Problem
Please quote exactly the lines below from the line containing "Country Estate Delft Blue Cake Stand Fete" to the line containing "Tower and clock", both lines included, and nothing else.

Available records
------

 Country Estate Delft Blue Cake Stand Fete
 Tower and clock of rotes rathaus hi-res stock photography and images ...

------

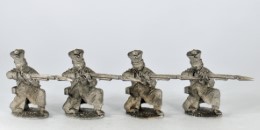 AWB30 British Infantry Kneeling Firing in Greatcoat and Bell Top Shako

------

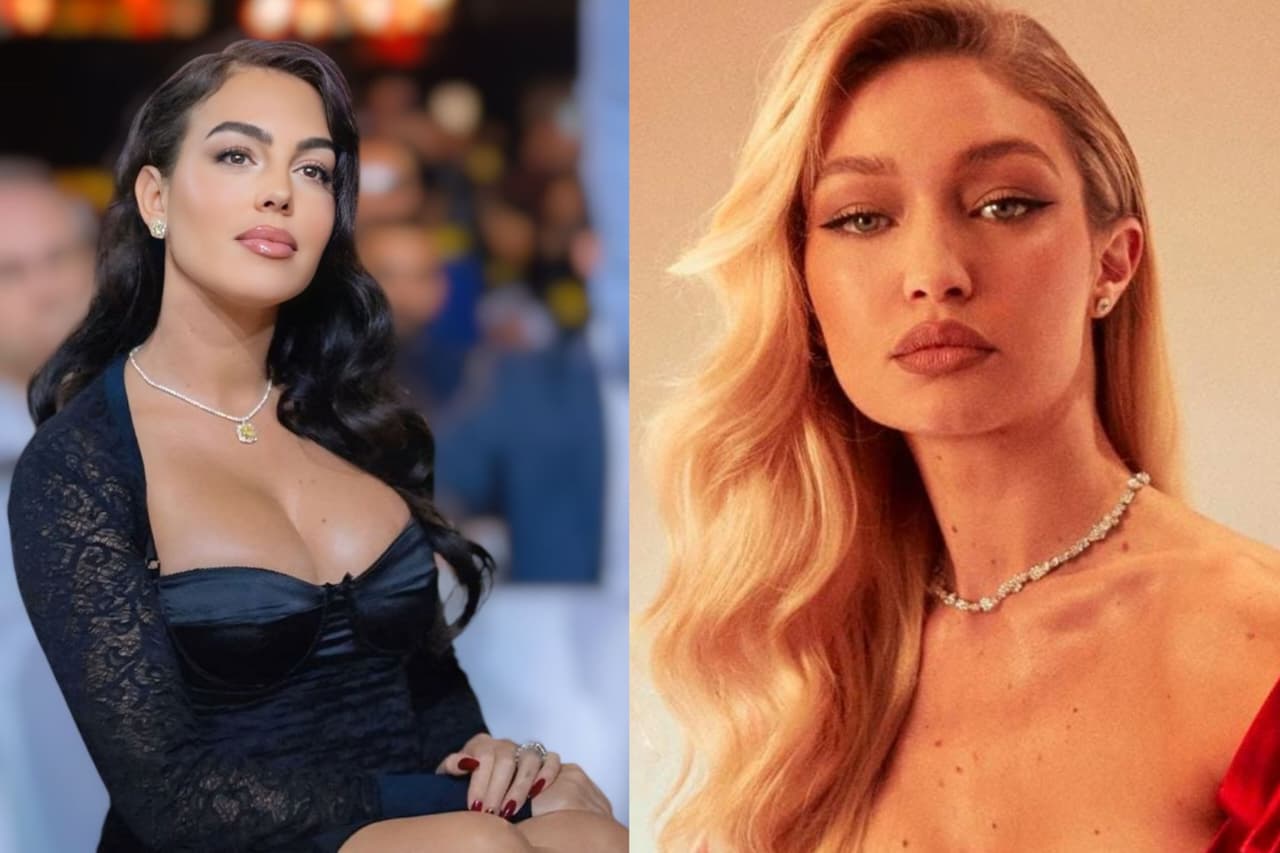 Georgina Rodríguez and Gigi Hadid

------

Task result
 Country Estate Delft Blue Cake Stand Fete
 Tower and clock of rotes rathaus hi-res stock photography and images ...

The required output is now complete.